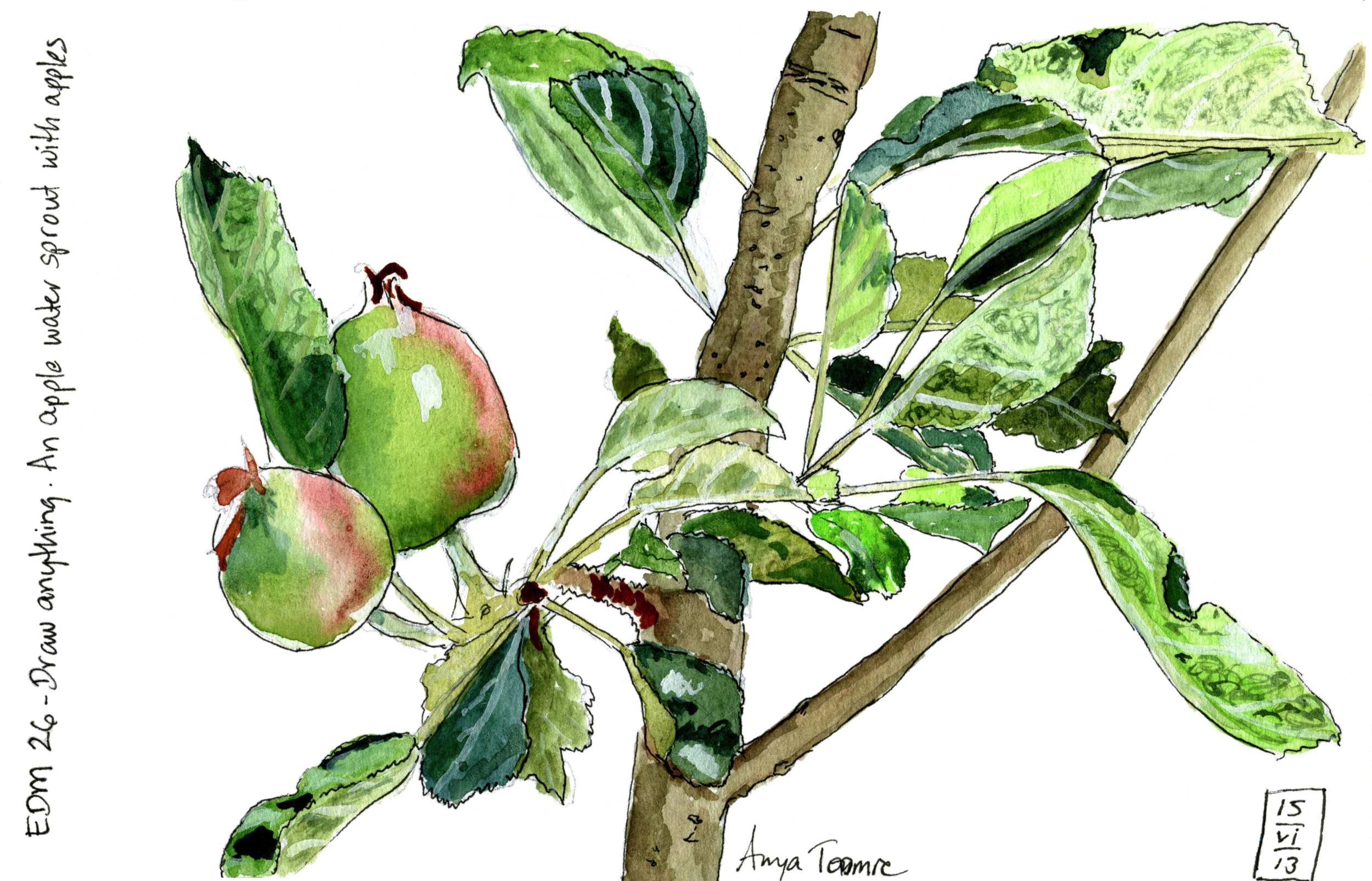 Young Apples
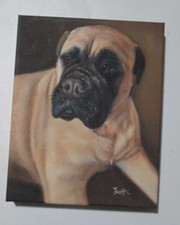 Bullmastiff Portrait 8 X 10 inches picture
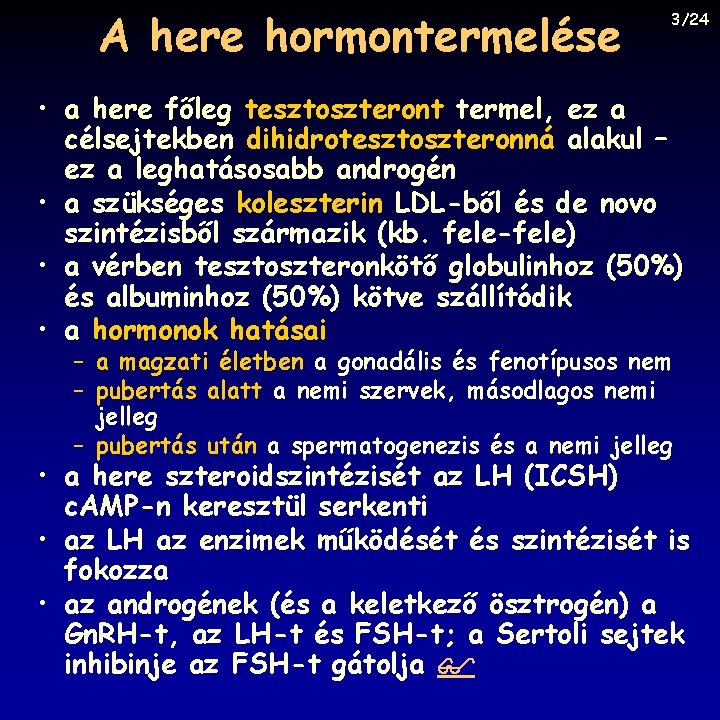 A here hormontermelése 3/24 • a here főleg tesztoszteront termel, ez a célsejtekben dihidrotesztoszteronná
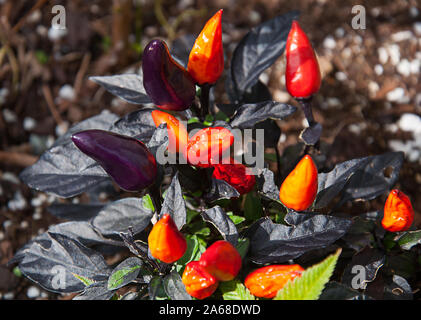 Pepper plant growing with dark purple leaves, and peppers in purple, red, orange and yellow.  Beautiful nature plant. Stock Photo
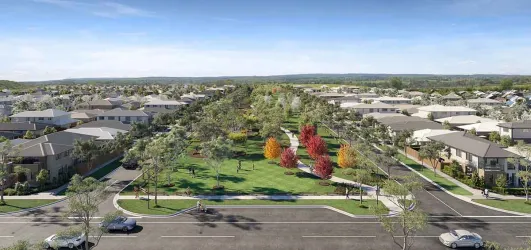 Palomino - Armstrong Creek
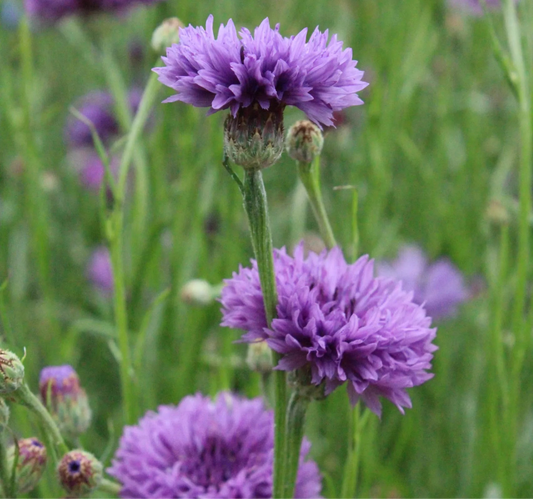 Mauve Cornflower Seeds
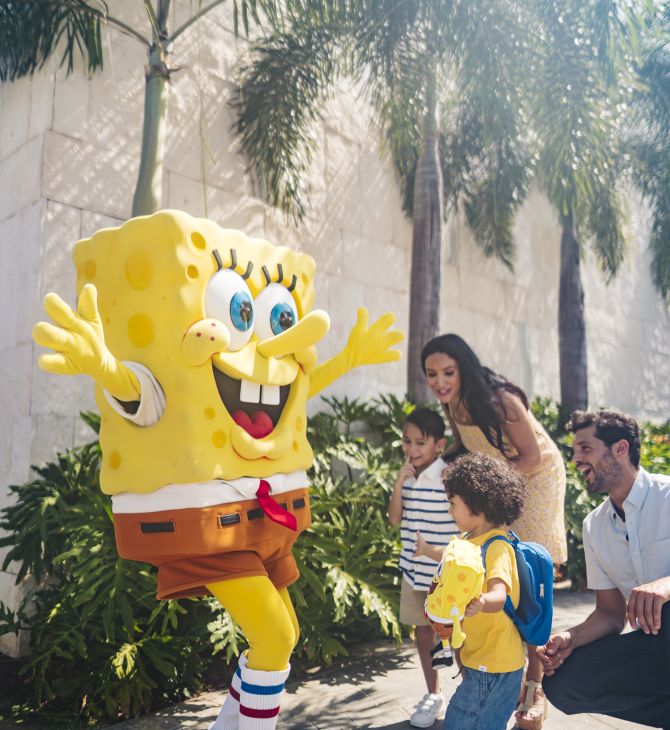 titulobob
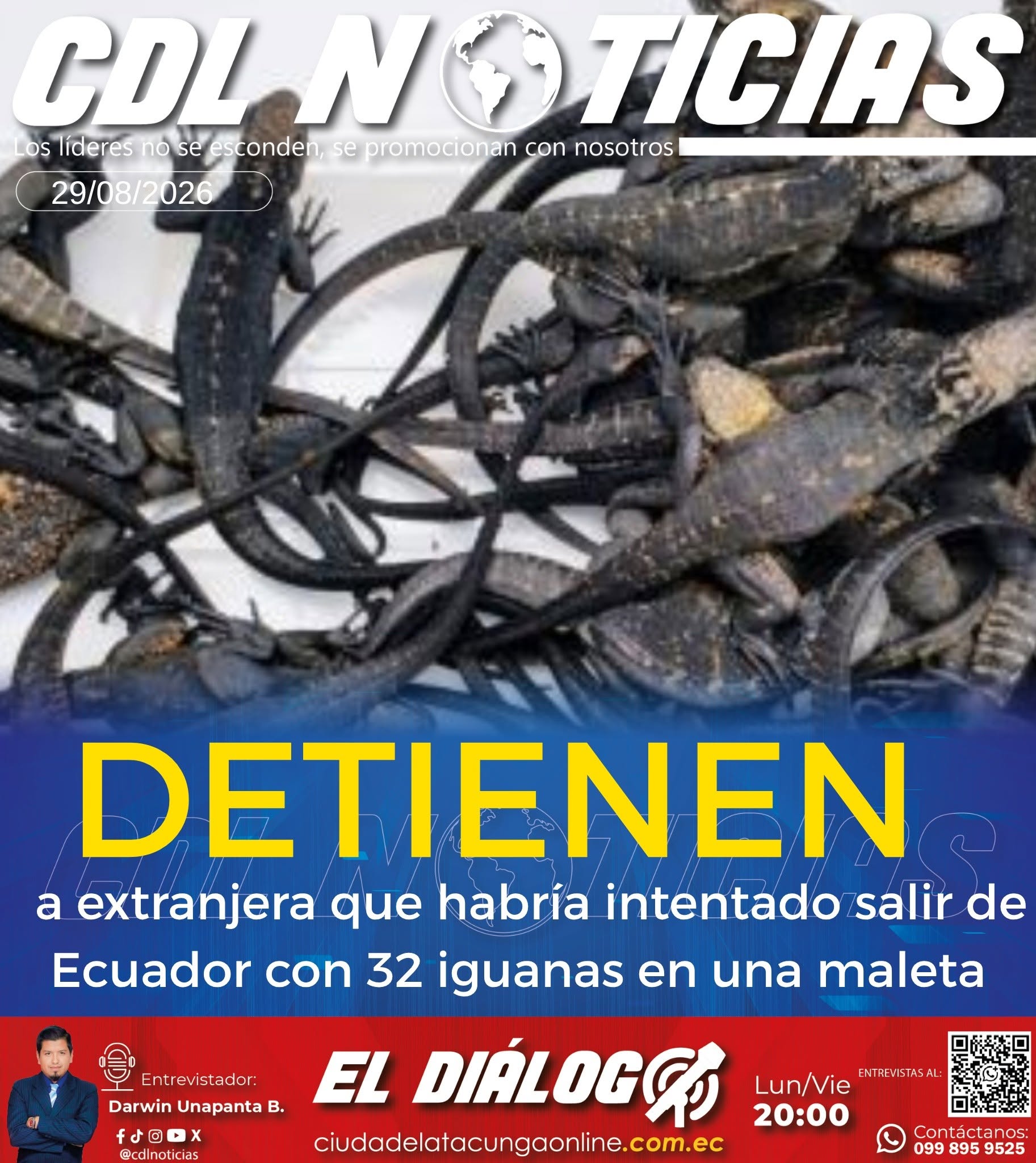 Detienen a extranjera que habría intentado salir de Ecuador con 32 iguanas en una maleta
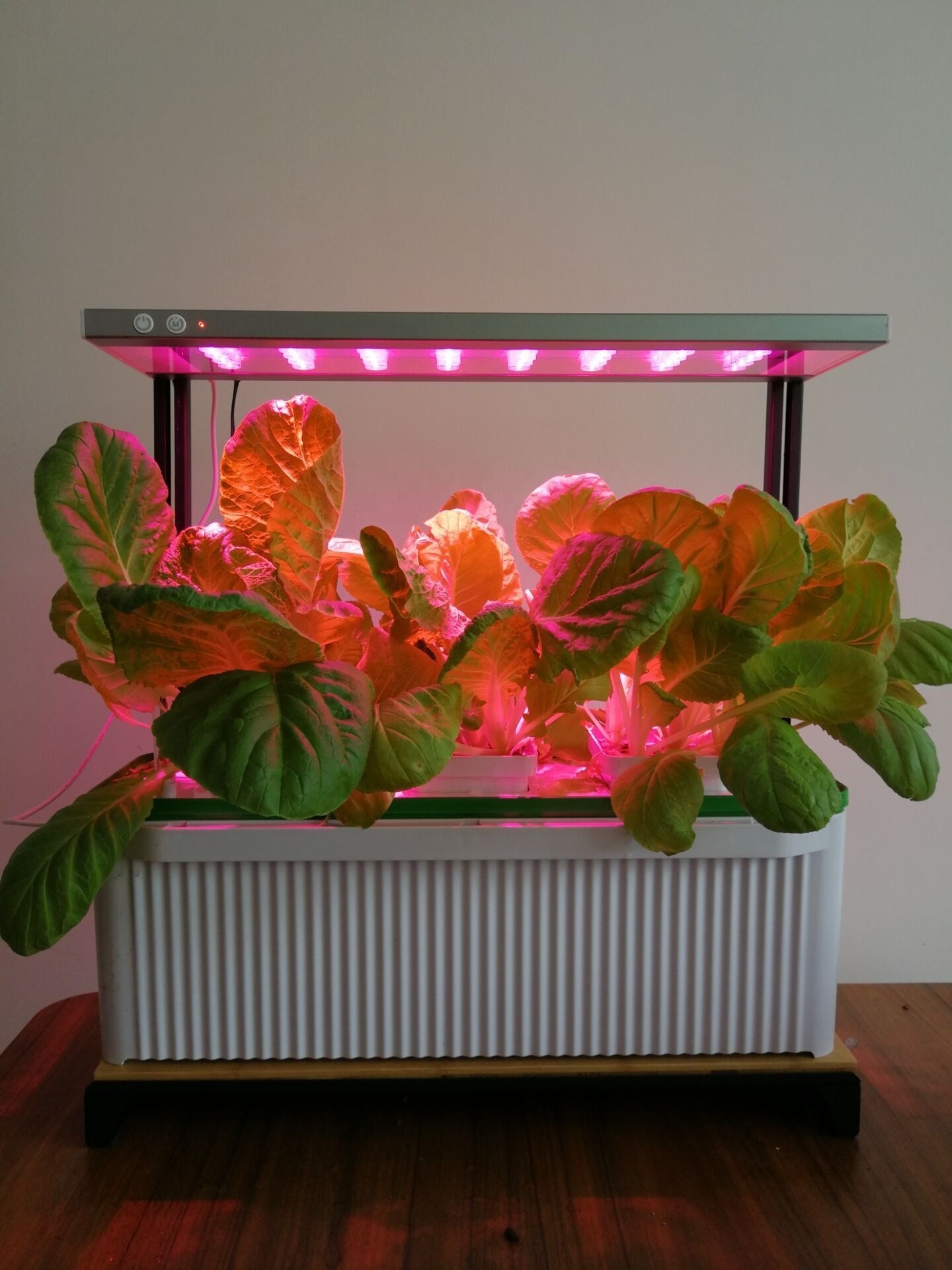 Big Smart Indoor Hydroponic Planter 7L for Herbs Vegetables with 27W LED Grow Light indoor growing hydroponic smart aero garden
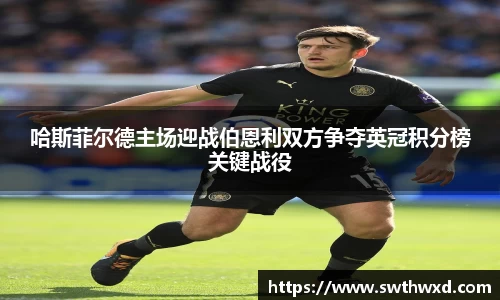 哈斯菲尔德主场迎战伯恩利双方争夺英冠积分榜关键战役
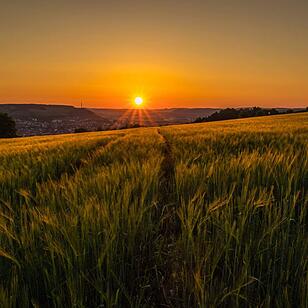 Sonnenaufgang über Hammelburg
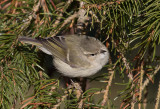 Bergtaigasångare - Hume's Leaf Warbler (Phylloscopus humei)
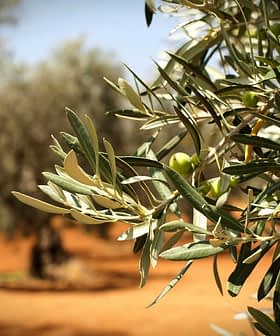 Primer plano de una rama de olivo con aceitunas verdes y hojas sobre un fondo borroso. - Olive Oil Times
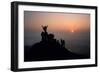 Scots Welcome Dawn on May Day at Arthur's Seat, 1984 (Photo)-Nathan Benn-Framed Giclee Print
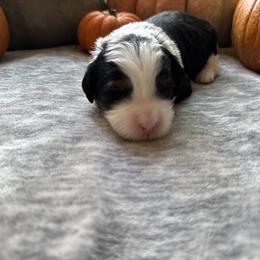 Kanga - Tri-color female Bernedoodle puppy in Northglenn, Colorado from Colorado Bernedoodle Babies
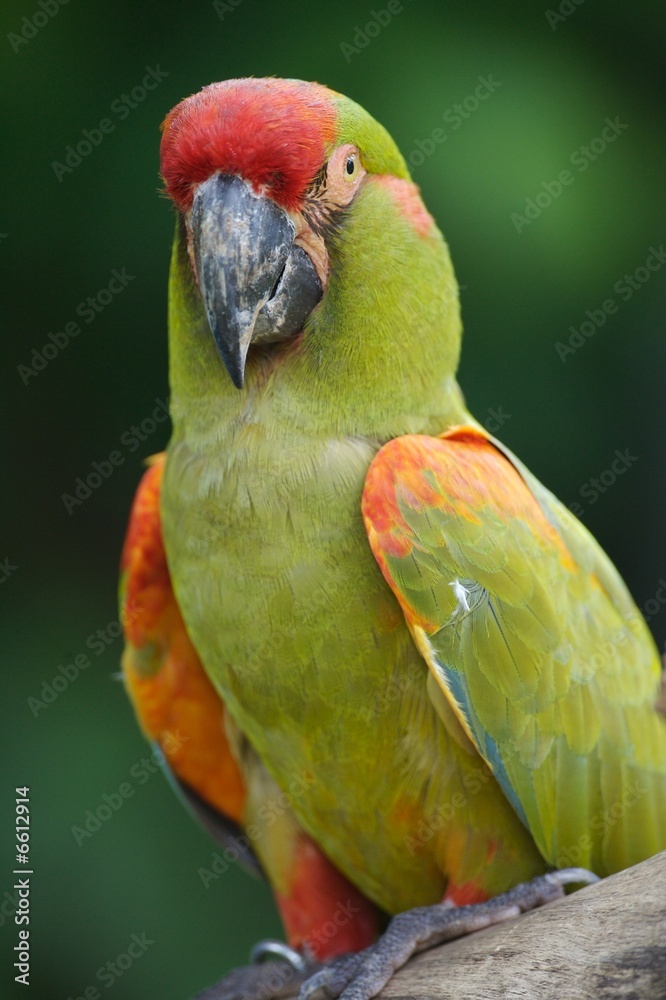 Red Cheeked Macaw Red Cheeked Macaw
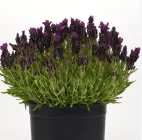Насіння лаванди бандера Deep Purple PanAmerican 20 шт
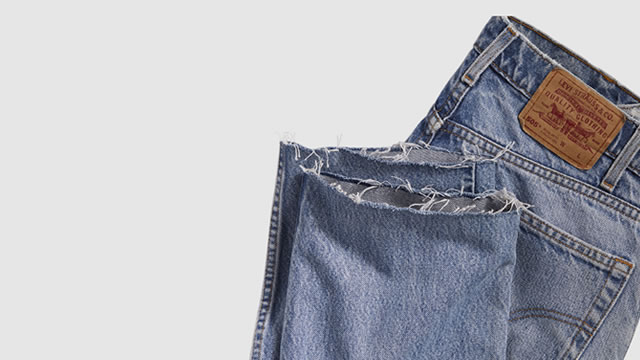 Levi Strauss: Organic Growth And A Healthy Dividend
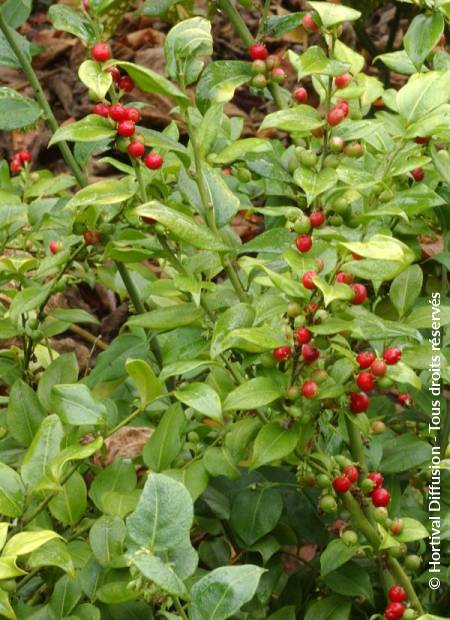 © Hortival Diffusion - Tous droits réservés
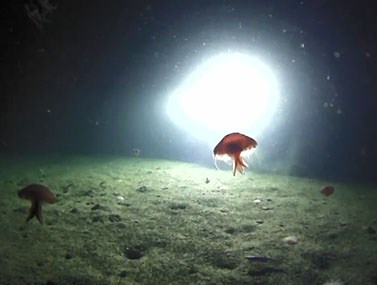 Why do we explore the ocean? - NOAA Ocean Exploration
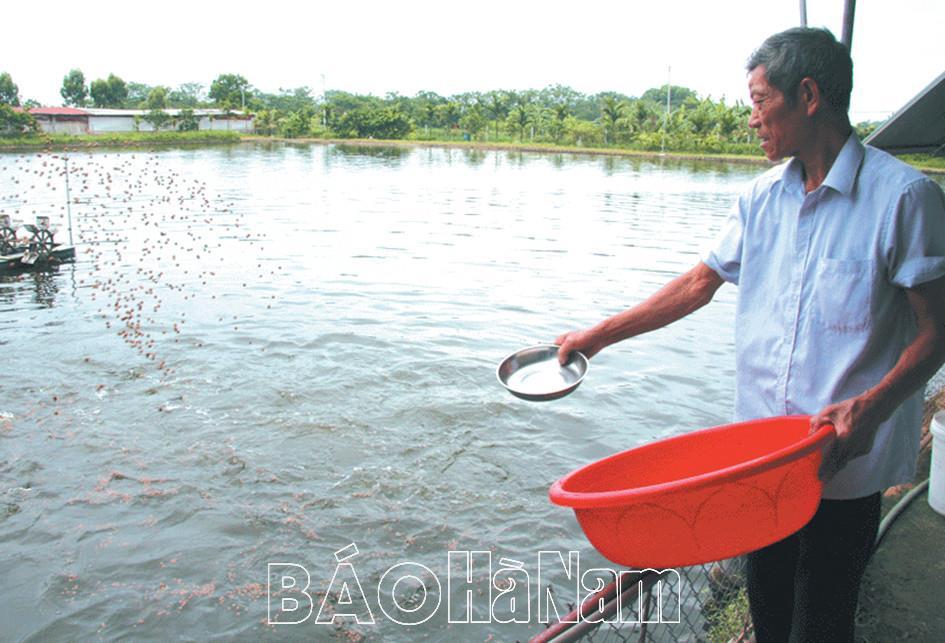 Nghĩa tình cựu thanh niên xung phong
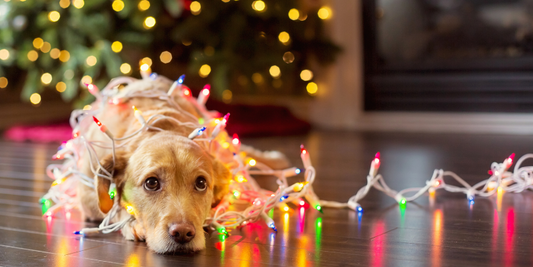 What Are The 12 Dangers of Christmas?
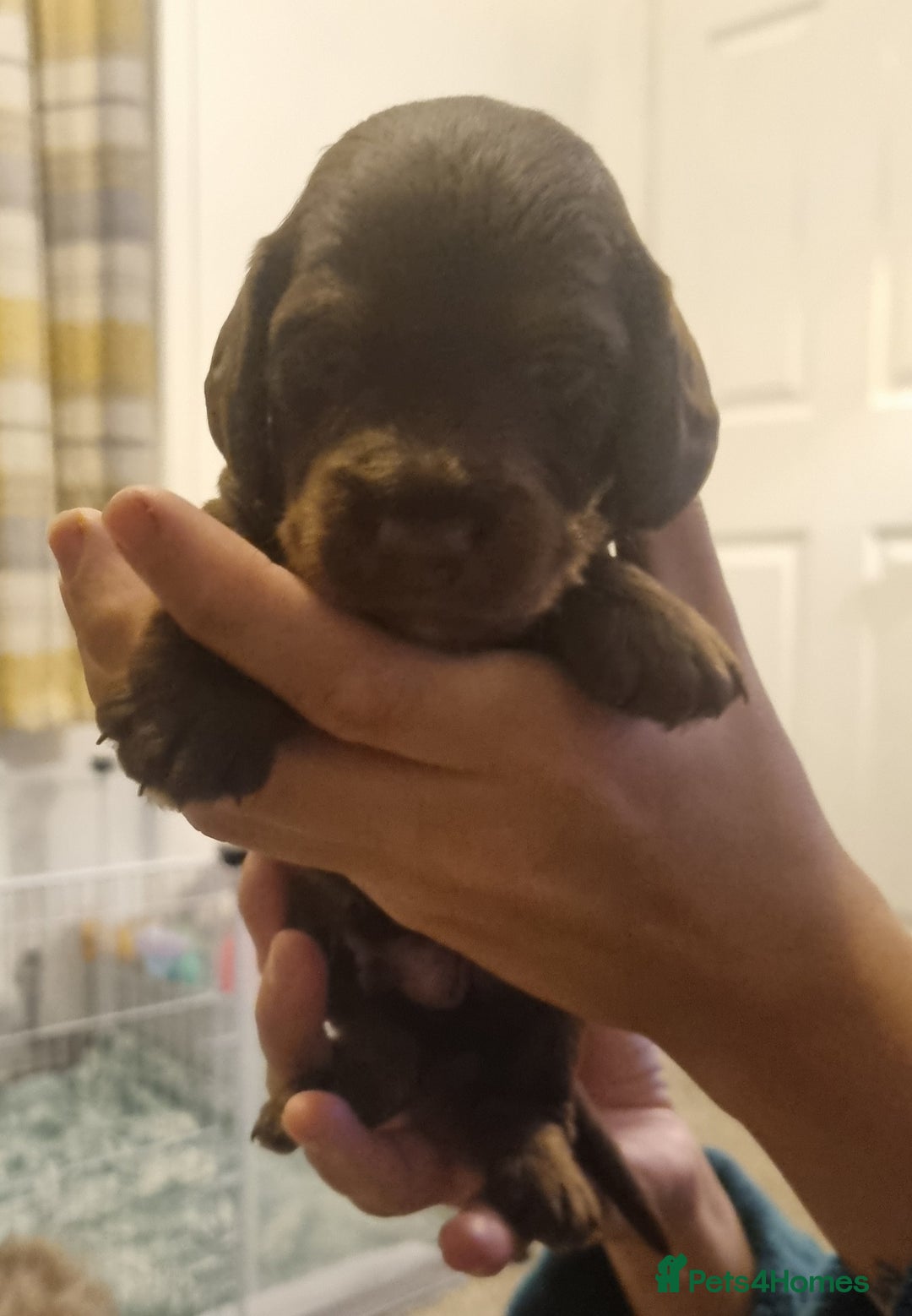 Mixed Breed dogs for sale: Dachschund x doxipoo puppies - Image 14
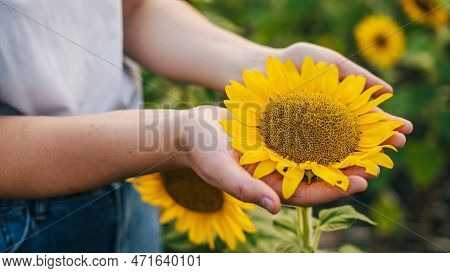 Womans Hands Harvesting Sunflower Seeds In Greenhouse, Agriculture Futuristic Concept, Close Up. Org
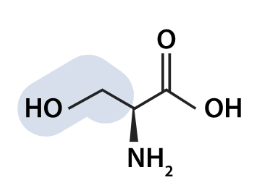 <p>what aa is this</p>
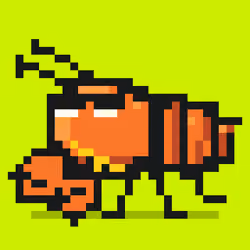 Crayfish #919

--------------------

■ EXERCISE
Pictures stay out; retype only the lines from the line containing "Womans Hands Harvesting" through the end of the listing, inclusive, exactly as they appear.

■ EXERCISE ANSWER
 Womans Hands Harvesting Sunflower Seeds In Greenhouse, Agriculture Futuristic Concept, Close Up. Org
 <p>what aa is this</p>
 Crayfish #919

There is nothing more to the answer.